Dataset section:
┏━━
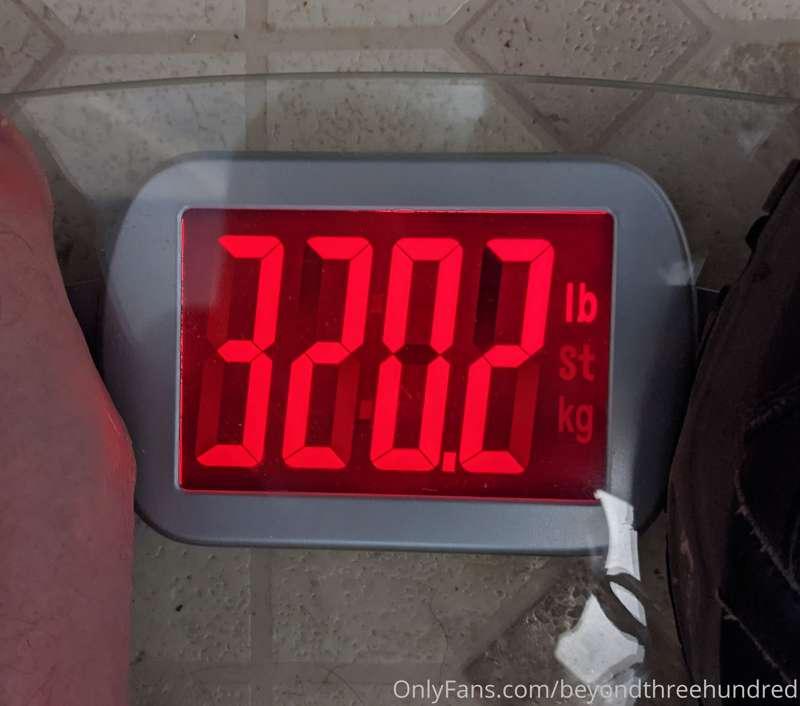 We finally did it! Back over 320! Jesus Christ I'm hard lol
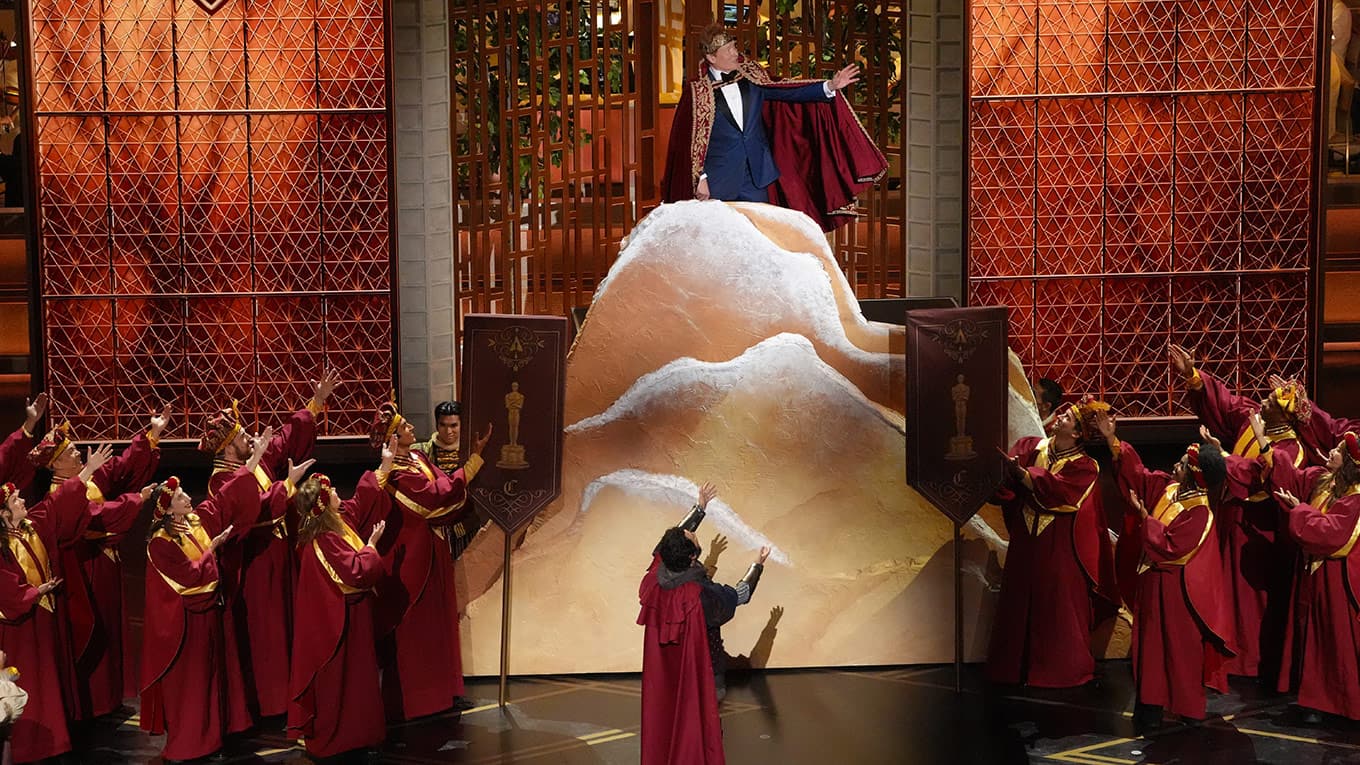 Oscars 2026: Moderator Conan O'Brien lässt sich feiern.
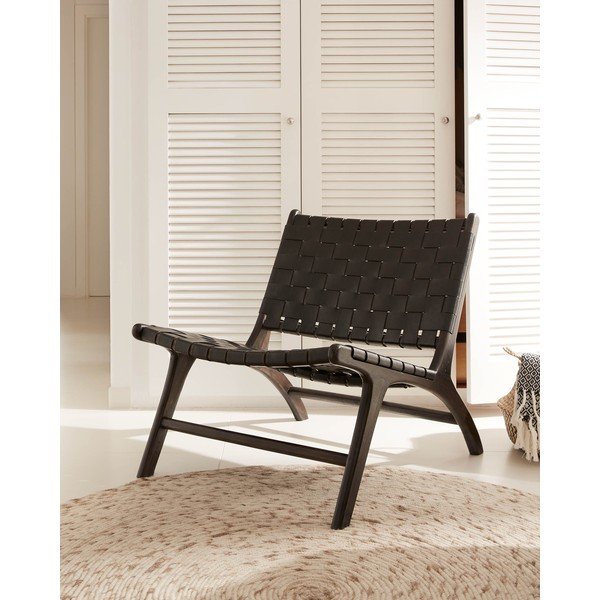 Čierne kreslo s výpletom Calixta - Kave Home-image-1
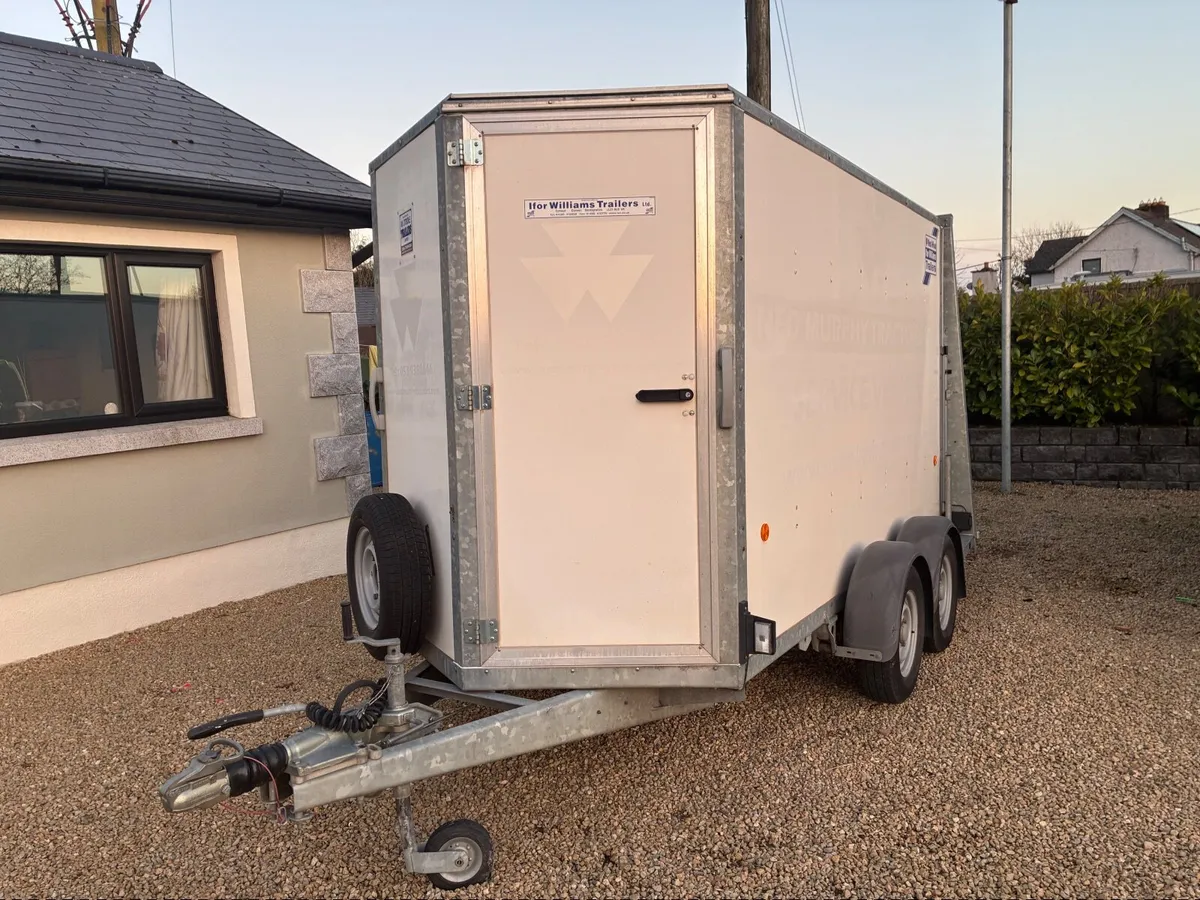Iror Williams 10 x 6 TOW Van excellent condition - Image 1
┗━━
The pictures should be dropped, and every line above should be set down again exactly.

Reply to the exercise:
 We finally did it! Back over 320! Jesus Christ I'm hard lol
 Oscars 2026: Moderator Conan O'Brien lässt sich feiern.
 Čierne kreslo s výpletom Calixta - Kave Home-image-1
Iror Williams 10 x 6 TOW Van excellent condition - Image 1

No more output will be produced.